Flow: ip,in_port=10,vlan_tci=0x0000,dl_src=00:00:00:00:00:00,dl_dst=00:00:00:00:00:00,nw_src=10.128.0.9,nw_dst=10.128.0.7,nw_proto=0,nw_tos=0,nw_ecn=0,nw_ttl=0

bridge("br0")
-------------
 0. ip, priority 100
    goto_table:20
20. ip,in_port=10,nw_src=10.128.0.9, priority 100
    load:0->NXM_NX_REG0[]
    goto_table:21
21. priority 0
    goto_table:30
30. ip,nw_dst=10.128.0.0/23, priority 200
    goto_table:70
70. ip,nw_dst=10.128.0.7, priority 100
    load:0->NXM_NX_REG1[]
    load:0x8->NXM_NX_REG2[]
    goto_table:80
80. priority 200
    output:NXM_NX_REG2[]
     -> output port is 8

Final flow: ip,reg2=0x8,in_port=10,vlan_tci=0x0000,dl_src=00:00:00:00:00:00,dl_dst=00:00:00:00:00:00,nw_src=10.128.0.9,nw_dst=10.128.0.7,nw_proto=0,nw_tos=0,nw_ecn=0,nw_ttl=0
Megaflow: recirc_id=0,ip,in_port=10,nw_src=10.128.0.9,nw_dst=10.128.0.7,nw_frag=no
Datapath actions: 5
[admin@infra-0 ~]$ 

###########################################################################

Additional info:

These pods are from different nodes and were able to communicate with eachother and were tested when ping from within a pod to other pod's IP address.
The docker pod is in default project which has NETID as 0, hence globally accessible.
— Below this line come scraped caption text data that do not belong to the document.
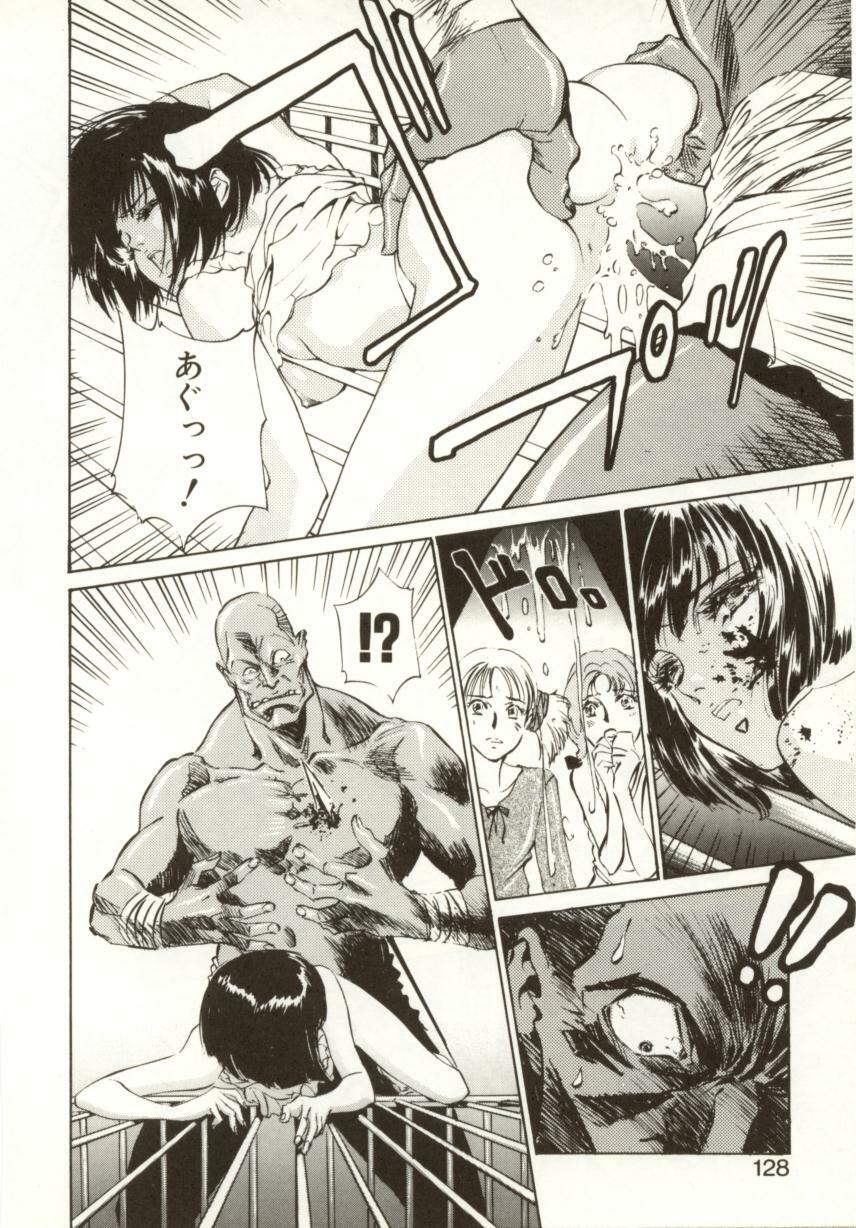 [Nanno Koto, Hazuki Kaoru] Hajimari no Daichi Geoid page 122 full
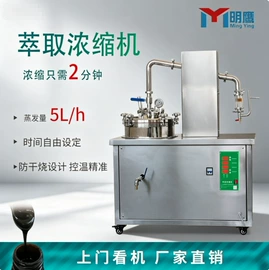 制粒干燥设备;发酵提取设备;研磨机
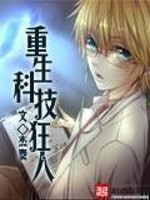 杰奏重生科技狂人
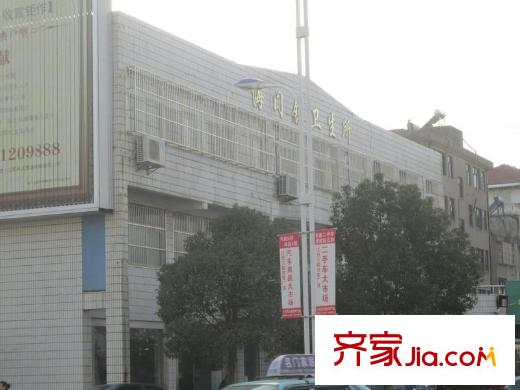 海悅國際配套圖西面150m海門鎮(zhèn)衛(wèi)生所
Comment 2 Dan Winship 2018-03-02 17:21:27 UTC
You can get a little bit farther by including "ct_state=trk" in the argument to ofproto/trace, but it still may not make it all the way through the table, depending on exactly what source/destination you're tracing.

The problem is that the NetworkPolicy plugin makes use of OVS connection tracking, which causes the processing of some packets to be stopped and then restarted. For actual network traffic, this is all completely transparent, but ofproto/trace didn't know how to deal with this in older OVS releases. I think OVS 2.8 is the first release that will automatically restart tracing at the right point after a ct() action.